When I browse to https://beaglebone.local with google chrome on my mac (quad i7) anything I enter will take ±1 second to show up. If I select all the text of your reply above and paste it into gateone, it will take ±2 seconds for the complete paste to show up.

The server.conf:

sso_service = "HTTP" locale = "C" https_redirect = False pam_service = "login" syslog_facility = "daemon" disable_ssl = False session_logging = True session_dir = "/tmp/gateone" cookie_secret = "ZTBiZTRiNjEyYTcxNDUzZTg1YmE3NGNhNDcwMGZjMWE5Y" syslog_session_logging = False address = "" port = 443 user_dir = "/var/lib/gateone/users" log_file_num_backups = 10 logging = "info" dtach = True certificate = "certificate.pem" keyfile = "keyfile.pem" sso_realm = None log_to_stderr = False log_file_max_size = 104857600 session_timeout = "5d" command = "/var/lib/gateone/plugins/ssh/scripts/ssh_connect.py -S '/tmp/gateone/%SESSION%/%SHORT_SOCKET%' --sshfp -a '-oUserKnownHostsFile=%USERDIR%/%USER%/known_hosts'" embedded = False debug = False js_init = "" auth = None log_file_prefix = "/var/log/gateone/webserver.log" pam_realm = "beaglebone"

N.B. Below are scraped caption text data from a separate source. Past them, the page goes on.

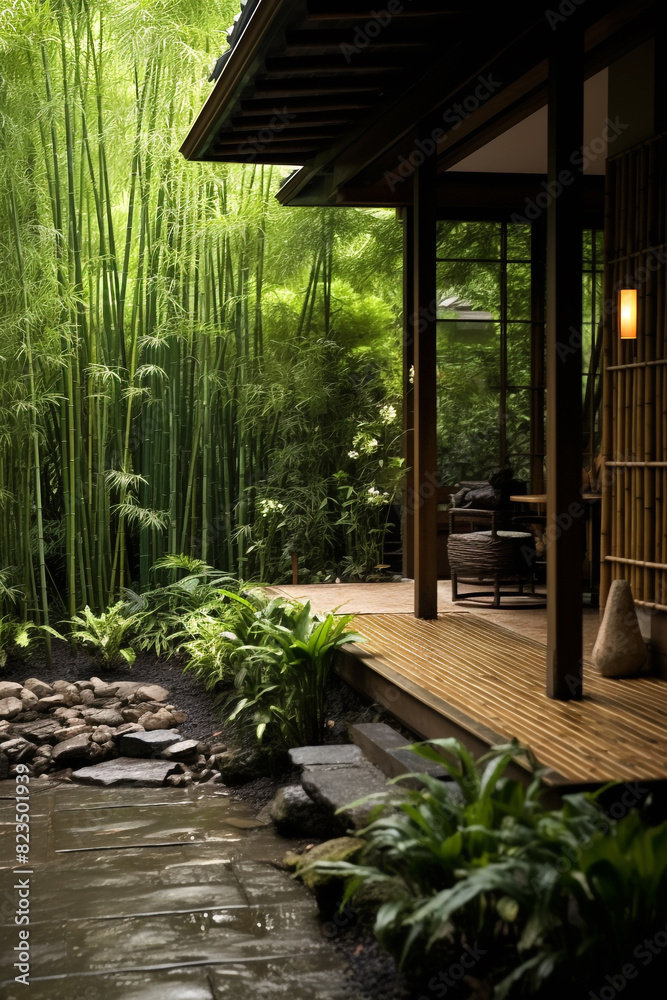 Bamboo fencing wrapping around the outdoor space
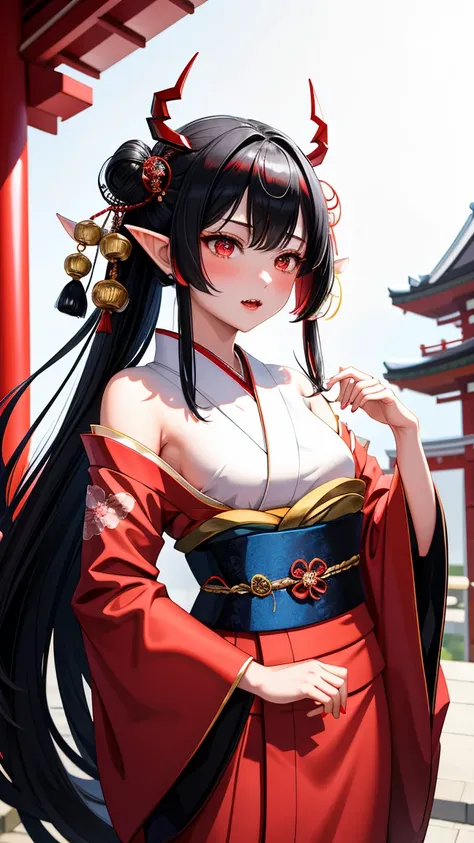 (masterpiece:1.4, best quality:1.4, ultra detailed:1.3, highres:1.2)
(beautiful Japanese oni girl:1.4, young female demon:1.3, ethereal beauty:1.3)
(small red horns:1.3, pointed ears:1.2, sharp red eyes:1.3, fangs:1.2)
(long flowing black hair:1.3, silky h...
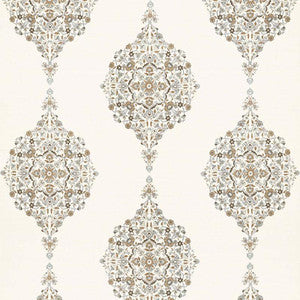 Mehndi Linen Print Flax 175320 by Schumacher Fabric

liftoff commented 13 years ago

Can you do me a favor and let me know if turning off session logging helps? Gzip compression can be quite slow on embedded systems and I'd imagine that constantly writing data to disk isn't a great idea on such systems either.

Also, try setting logging to "error". That might speed things up a bit as well.

Thinking about this a bit, If disabling session logs really speeds it up a lot I'm guessing that the problem has to do with the code blocking when it writes to .golog files. I also might want to add the option to save .golog files in an uncompressed format for embedded use. Or I could just make it so that logviewer.py can read and play back syslog-formatted logs generated by Gate One (it's in the TODO list but it would be a challenge so it's not a priority right now).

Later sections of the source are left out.